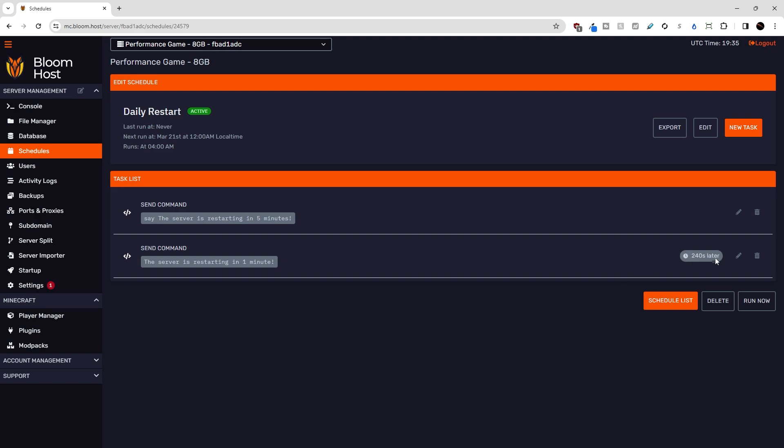And you'll notice that down here in the task list, 240 seconds later, after the five minute warning, it'll send the one minute warning. And one thing I want to point out is you can edit tasks here, or you can also delete individual tasks here now that we have a list.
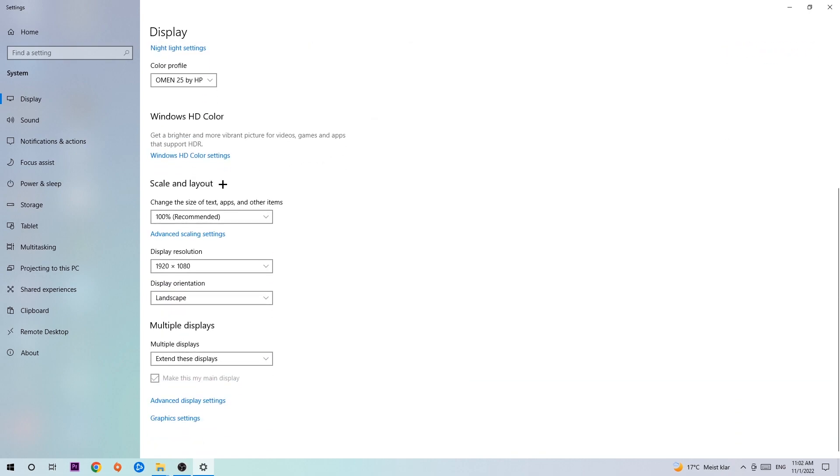Scroll down to Scale and Layout. I want you to change the size of text, apps, and other items to 100%, which is recommended. The display resolution should be the same as in-game. So for example, if you're having in-game 1920 by 1080, I also want you to apply this to your display resolution.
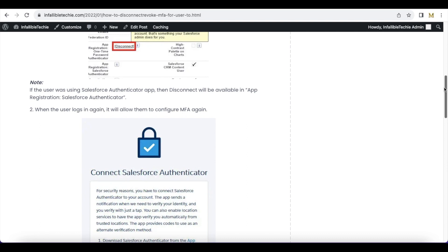Once you click disconnect and the user logs in again, it will allow them to configure multi-factor authentication again. So go to the user detail page and use the disconnect link to disable, revoke, or disconnect the MFA so that the user can reset or set it again in Salesforce.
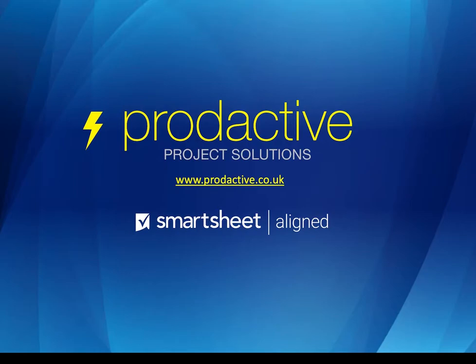Hi, this is Rich Coles from Productive Project Solutions. In this video, I'm going to do a short demo of the document builder capability that's available to all users within Smartsheet.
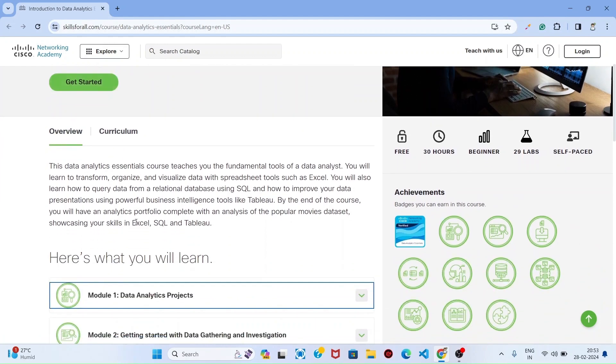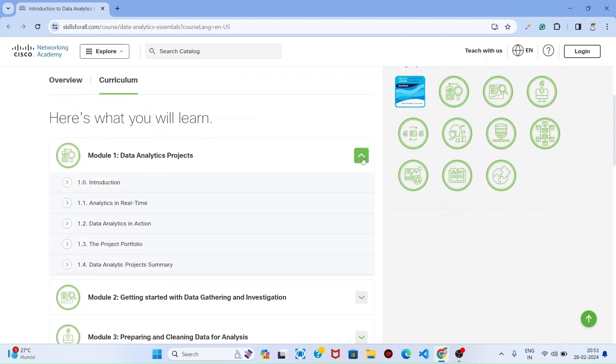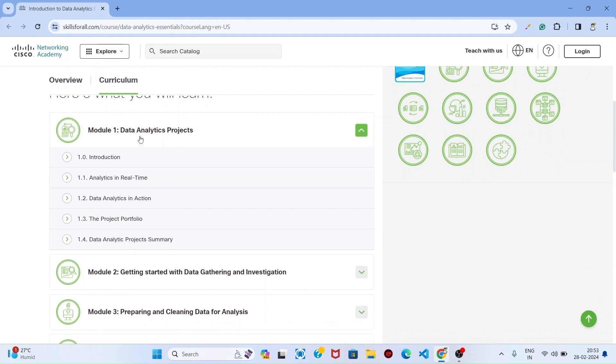In this overview, you can learn about SQL, Excel, and Tableau. For the course curriculum, you can click this button and view it.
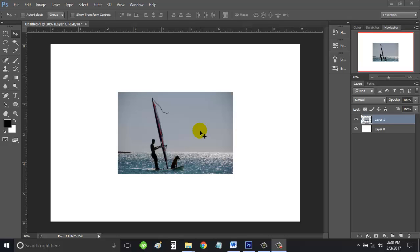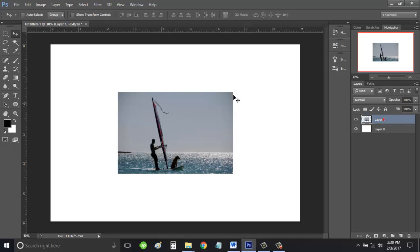In this video I will show you how to use the warp or envelope function in Photoshop. Let's start by highlighting the image that we want to manipulate, this one, Layer 1. Click on it.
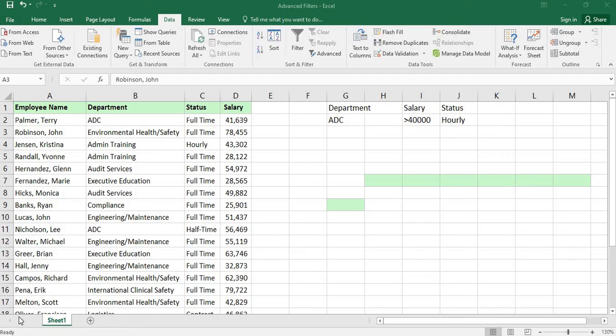Hi, welcome to the CADNIST. I am Kanthraj from R.T. Nagar branch. Today I am going to teach you advanced filters in MS Excel.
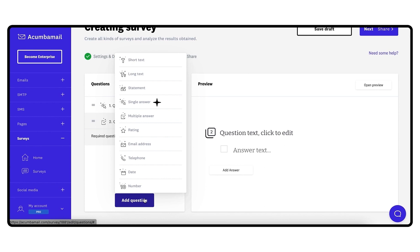Single answer: question with one or more answer options where the user can only select one. Multiple choice: where the user can select one or more. Scoring question: where the user can rate on a scale of 5, 7, or 10 points.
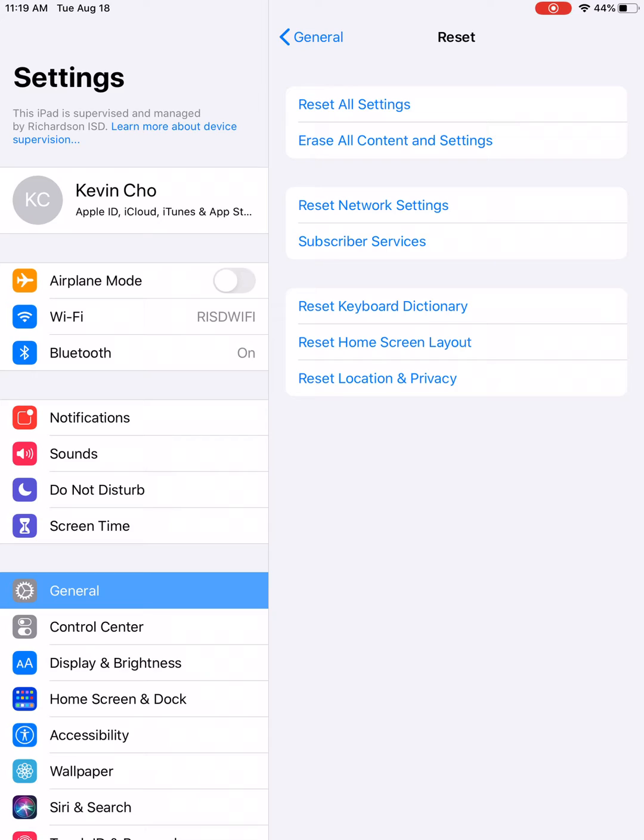And lastly, you will also have to enable and allow there to be location services so the district can actually push out updates to your student's iPad.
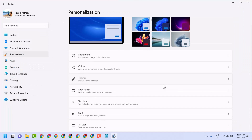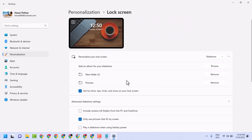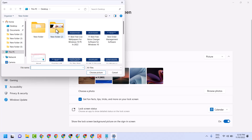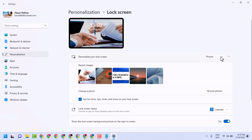Now click on Lock Screen in Personalization. Here you will see 'Personalize your lock screen.' Select Picture, then click Browse photos, select the photo you want to use, and choose the picture.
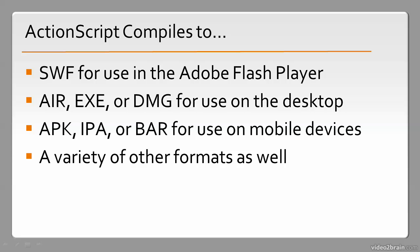And it can compile to a variety of other formats as well. Lots of people have leveraged ActionScript to be used in other systems, such as Scaleform, which uses it in commercial video game software for consoles.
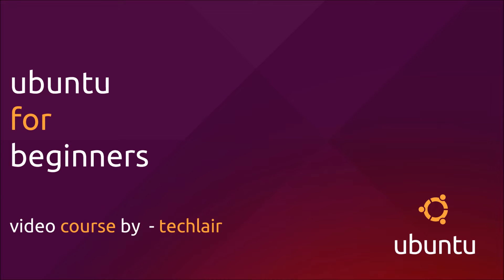Hello everybody and welcome to Ubuntu for Beginners video course by TechLayer. My name is Abdul Basir and I'll be your instructor through this course.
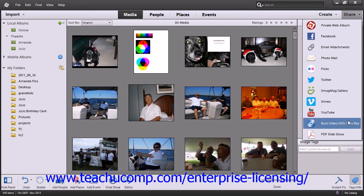You can also choose to burn your creation to a DVD or Blu-ray disc if you have Adobe Premiere Elements installed. If you don't already have your project open in the organizer, select File > Open from the menu bar, select your creation, and then click the OK button. Then click the Burn Video DVD/Blu-ray button within the Share drop-down menu.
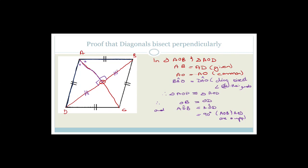You can do exactly the same thing with any of the other triangle pairs: AOB and BOD, or AOD and DOC, or even the other pairs — to also prove that the diagonals bisect each other.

WHAT YOU NEED TO DO: Copy exactly the lines that run from the line containing "Hello everybody and" to the end of the data above, keeping both end lines and leaving out all pictures.

ANSWER BELOW:
Hello everybody and welcome to Ubuntu for Beginners video course by TechLayer. My name is Abdul Basir and I'll be your instructor through this course.
You can also choose to burn your creation to a DVD or Blu-ray disc if you have Adobe Premiere Elements installed. If you don't already have your project open in the organizer, select File > Open from the menu bar, select your creation, and then click the OK button. Then click the Burn Video DVD/Blu-ray button within the Share drop-down menu.
You can do exactly the same thing with any of the other triangle pairs: AOB and BOD, or AOD and DOC, or even the other pairs — to also prove that the diagonals bisect each other.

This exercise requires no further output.